Shortly after the promotion of several high-flying female MPs during David Cameron's Cabinet reshuffle, the Daily Mail's front page headline read: "Thigh-flashing Esther and the battle of the Downing St catwalk." Inside the paper, the bleakly predictable double-page spread then took to dissecting the outfit choices of the new ministers.
Esther McVey was advised to "tone it down a little for attending cabinet meetings" – as her dress had the potential to make politicians hot under the collar. Her appearance was then dissected piece by piece. Shoes? Made her legs too long. Handbag? Too "dated". McVey's hair? A success for its "movement and volume", apparently.

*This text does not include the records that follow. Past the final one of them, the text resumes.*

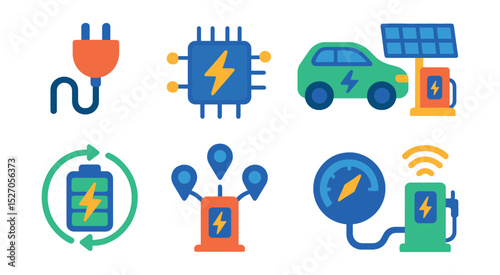 Flat vector icons of Electric Vehicles & Charging: charging cable plug, EV power management, electric car icon, solar charging station, battery charging cycle, EV charging network, energy flow meter,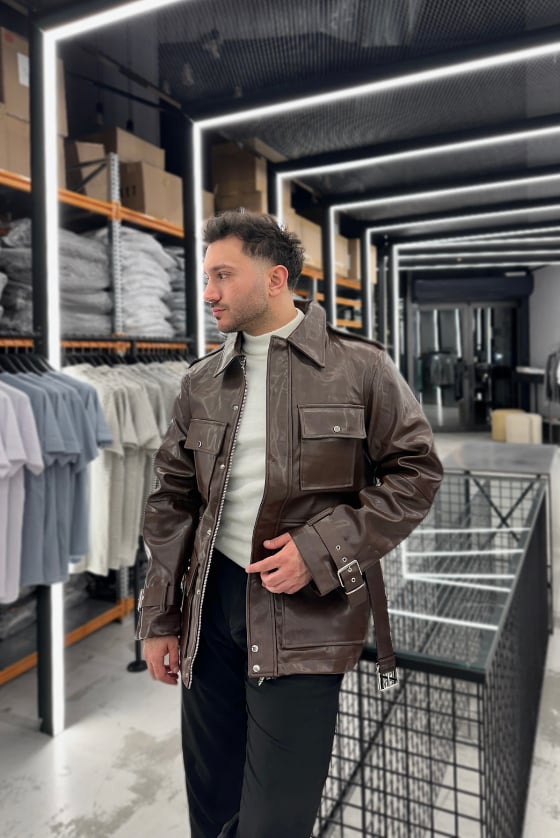 Kahve Giesto Deri Ceket
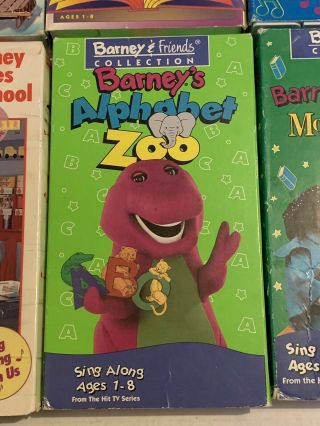 6 Barney VHS Musical Adventure,  Alphabet Zoo,  Barney Goes To School,  Rare 3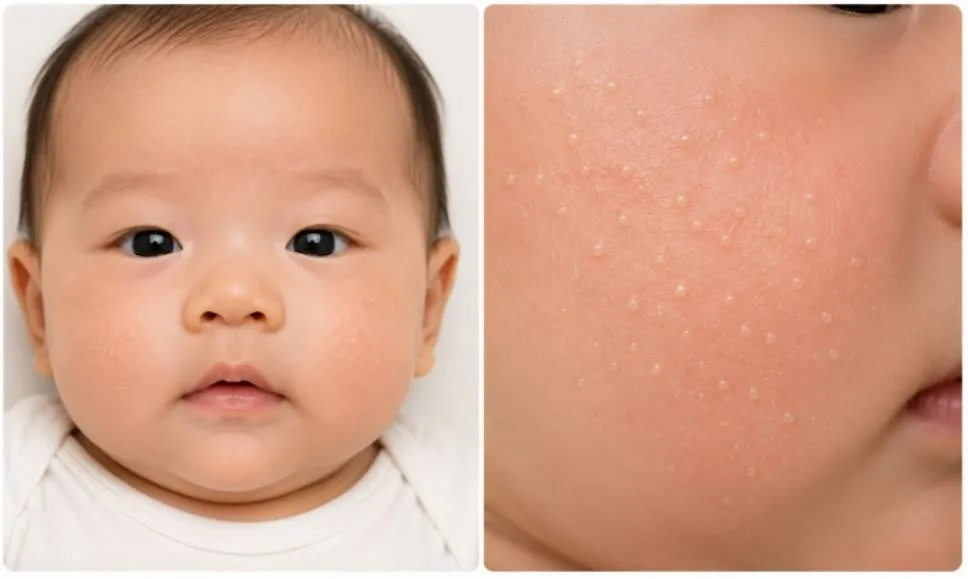 Chụp cả ảnh toàn mặt và cận cảnh để đánh giá chính xác tình trạng mụn sữa.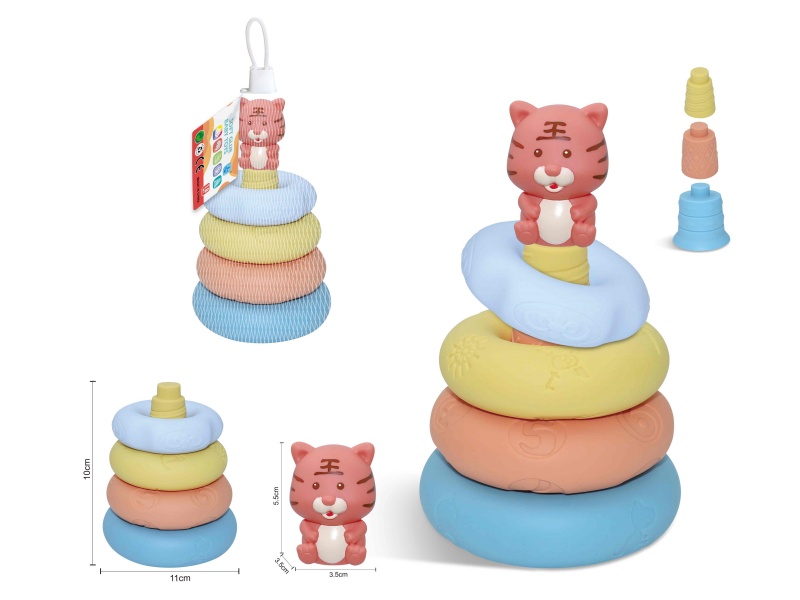 Soft Rubber Stacking Ring Finger Doll Set(Tiger) 8PCS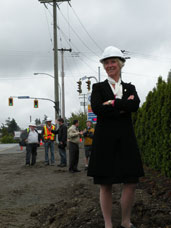 Mayor Desjardins at Craigflower-Tillicum Intersection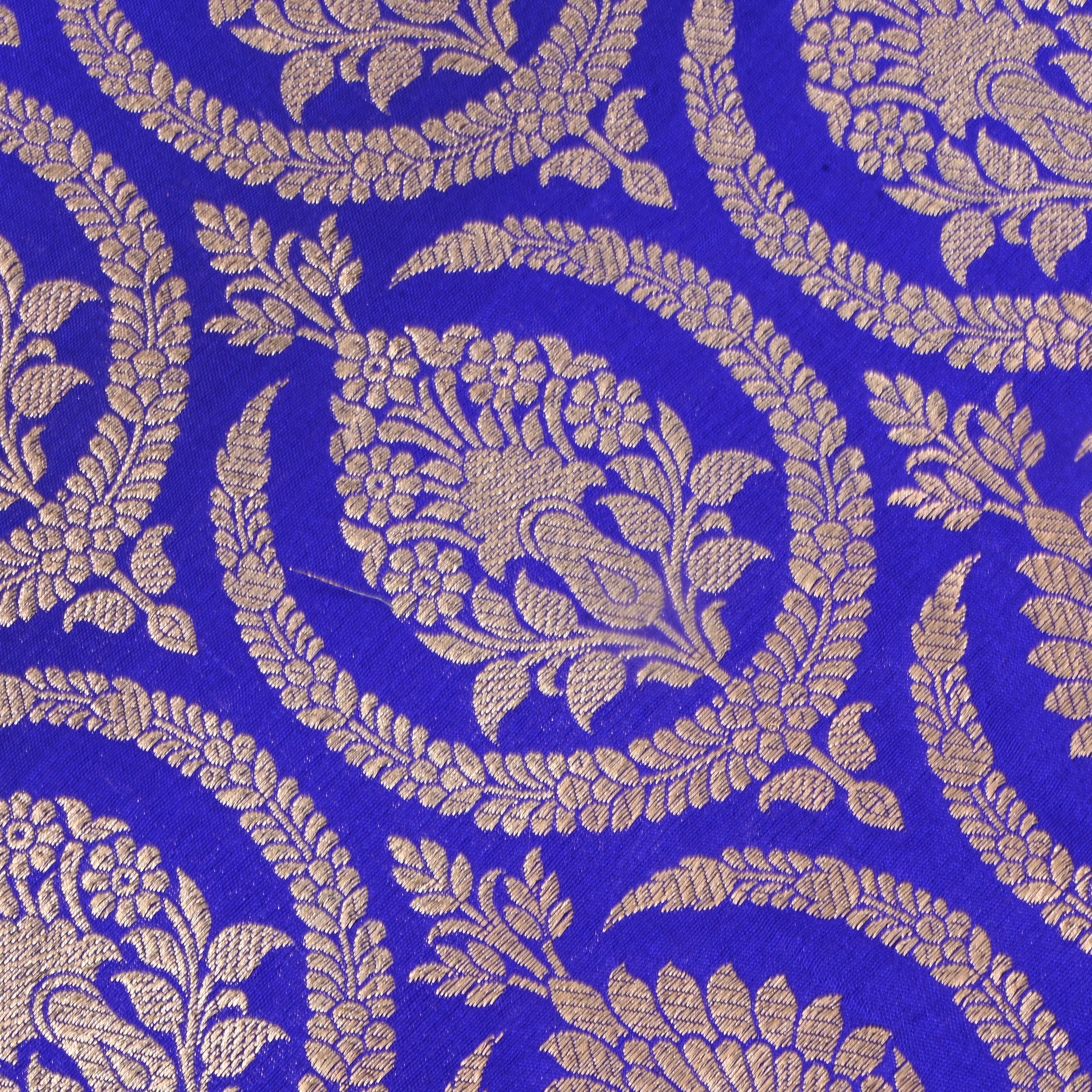 Denim Dark Blue Jamawar Silk Fabric With Geometrical Figures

Sexism towards female politicians is nothing new and neither is sexism in the media. McVey and her eight political colleagues are reduced to nothing more than coat-hangers, rather than women of power. Nonetheless, the Employment Minister, who was handed a small promotion on Monday allowing her to attend Cabinet, diplomatically dismissed the comments.
"All I can say is it's fantastic having women in powerful positions in the newspapers, and if that meant that we were walking – you might call it, or the papers might have called it, the catwalk – we were walking into Number 10 Downing Street there," she said, adding that glamorous female politicians may inspire young girls into a career in politics.
While McVey is absolutely right to advocate powerful women, it is disheartening to think that the only way to encourage young women into politics is by appearance. Only 22% of UK MPs are female, and even after Cameron's window-dressing attempt to win over the female vote in the reshuffle, only five of the 17 full Tory Cabinet members are women.
Female representation in parliament is still incredibly low, and in a political age where female politicians are continually sidelined in favour of old Etonians, numerous issues affecting women go unaddressed. Welfare reforms disproportionately impact women, and gaps in the law around domestic violence still enable perpetrators to avoid prosecution.
It is hard to imagine the Mail's article would do anything to encourage political aspiration. It advocates a 1950s view of women – to look pretty and be quiet, and leave the important jobs to the men. It reduces successful females to nothing more than a skirt, and the disapproving tone of piece widens the gulf between the way male and female politicians are treated.
Has Nick Clegg ever been described as "sashaying" into No 10? The Deputy Prime Minister cunningly used this debate on 'Cameron's Cuties' as a chance to have a sideswipe at the Daily Mail in his barbed tweet.
The other eight politicians also received similar treatment. Liz Truss, the incoming environment secretary, was dubbed a "little bit too Eighties air hostess". Anna Sourby, the new Under-Secretary of State for the Ministry of Defence, was likened to Thatcher for her "helmet hair". And so on.
Powerful figures are a rare sight in Westminster and the article does nothing to inspire women into embarking on a political career. Cameron has been frequently lambasted by Labour for his commitment in 2009, that if elected, he wanted a third of his minister to be female. To meet this target, the prime minister would have to appoint 41 female ministers, and after the reshuffle, there are just nine. We need more female politicians, but it is going to take more than glamour.